LOS ANGELES, Nov. 16, 2021 (GLOBE NEWSWIRE) -- Crescent Capital BDC, Inc. (“Crescent BDC” or the “Company”) (NASDAQ: CCAP) today announced that it has priced an underwritten primary offering of 2,500,000 shares of its common stock, which will result in net proceeds exclusive of offering expenses to the Company of approximately $53.3 million, or $21.33 per share. Crescent BDC has granted the underwriters an option to purchase up to an additional 375,000 shares of common stock. The offering was made pursuant to the Company’s shelf-registration statement, which was filed with and declared effective by the Securities and Exchange Commission (the “Commission”). The offering is expected to close on November 18, 2021, subject to customary closing conditions.

Crescent BDC's investment adviser, Crescent Cap Advisors, LLC (the "Adviser"), has agreed to pay the underwriters a supplemental payment of $1.98 per share, which reflects the difference between the actual public offering price of $19.35 and the net proceeds of $21.33 per share to be received by Crescent BDC in this offering. In addition, the Adviser has agreed to bear the sales load payable to the underwriters. Crescent BDC is not obligated to repay the supplemental payment and sales load paid by the Adviser.

The Company intends to use the net proceeds from the offering for general corporate purposes, which may include the repayment of outstanding indebtedness and investing in portfolio companies in accordance with its investment objective and strategies.

BofA Securities, Wells Fargo Securities, Morgan Stanley & Co. LLC, Keefe, Bruyette & Woods, A Stifel Company and RBC Capital Markets, LLC are serving as joint book-running managers for the offering. Oppenheimer & Co. Inc. and SMBC Nikko Securities America, Inc. are serving as co-managers for the offering.

Investors are advised to carefully consider the investment objectives, risks and charges and expenses of the Company before investing. The preliminary prospectus supplement, dated November 15, 2021, and the accompanying prospectus, dated August 6, 2021, which have been filed with the Commission, contain this and other information about the Company and should be read carefully before investing.

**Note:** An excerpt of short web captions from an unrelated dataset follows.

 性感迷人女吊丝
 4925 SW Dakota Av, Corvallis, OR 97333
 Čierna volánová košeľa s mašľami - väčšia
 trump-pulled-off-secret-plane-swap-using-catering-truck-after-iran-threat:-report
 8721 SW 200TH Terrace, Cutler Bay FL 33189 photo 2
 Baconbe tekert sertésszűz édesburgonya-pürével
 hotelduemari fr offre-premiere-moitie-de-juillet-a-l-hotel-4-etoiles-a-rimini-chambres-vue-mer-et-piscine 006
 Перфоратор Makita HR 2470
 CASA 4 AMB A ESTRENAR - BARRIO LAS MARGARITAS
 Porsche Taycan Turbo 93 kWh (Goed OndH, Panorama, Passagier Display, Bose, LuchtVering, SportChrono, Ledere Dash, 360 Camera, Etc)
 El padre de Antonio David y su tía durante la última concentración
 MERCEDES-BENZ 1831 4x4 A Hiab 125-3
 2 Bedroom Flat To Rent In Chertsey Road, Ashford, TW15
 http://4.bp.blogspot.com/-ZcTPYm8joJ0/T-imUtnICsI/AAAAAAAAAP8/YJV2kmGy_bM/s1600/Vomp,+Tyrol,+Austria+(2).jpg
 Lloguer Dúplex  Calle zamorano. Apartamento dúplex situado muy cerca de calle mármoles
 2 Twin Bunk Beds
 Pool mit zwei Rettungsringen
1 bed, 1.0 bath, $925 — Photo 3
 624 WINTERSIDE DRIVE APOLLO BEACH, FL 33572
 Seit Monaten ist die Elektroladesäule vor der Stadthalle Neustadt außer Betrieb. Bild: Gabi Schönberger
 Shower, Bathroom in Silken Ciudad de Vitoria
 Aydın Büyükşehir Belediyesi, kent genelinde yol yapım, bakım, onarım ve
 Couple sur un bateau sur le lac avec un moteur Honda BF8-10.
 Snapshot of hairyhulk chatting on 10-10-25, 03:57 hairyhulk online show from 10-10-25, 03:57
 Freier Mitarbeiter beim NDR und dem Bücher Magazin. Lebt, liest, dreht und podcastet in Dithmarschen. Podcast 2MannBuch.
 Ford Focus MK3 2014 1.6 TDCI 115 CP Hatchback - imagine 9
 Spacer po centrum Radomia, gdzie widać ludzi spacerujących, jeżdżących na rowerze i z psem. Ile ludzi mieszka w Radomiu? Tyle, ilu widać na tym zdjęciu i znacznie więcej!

The information in the preliminary prospectus supplement, the accompanying prospectus and this press release is not complete and may be changed. This press release does not constitute an offer to sell or the solicitation of an offer to buy nor will there be any sale of the shares referred to in this press release in any state or jurisdiction in which such offer, solicitation or sale would be unlawful prior to the registration or qualification under the securities laws of such state or jurisdiction.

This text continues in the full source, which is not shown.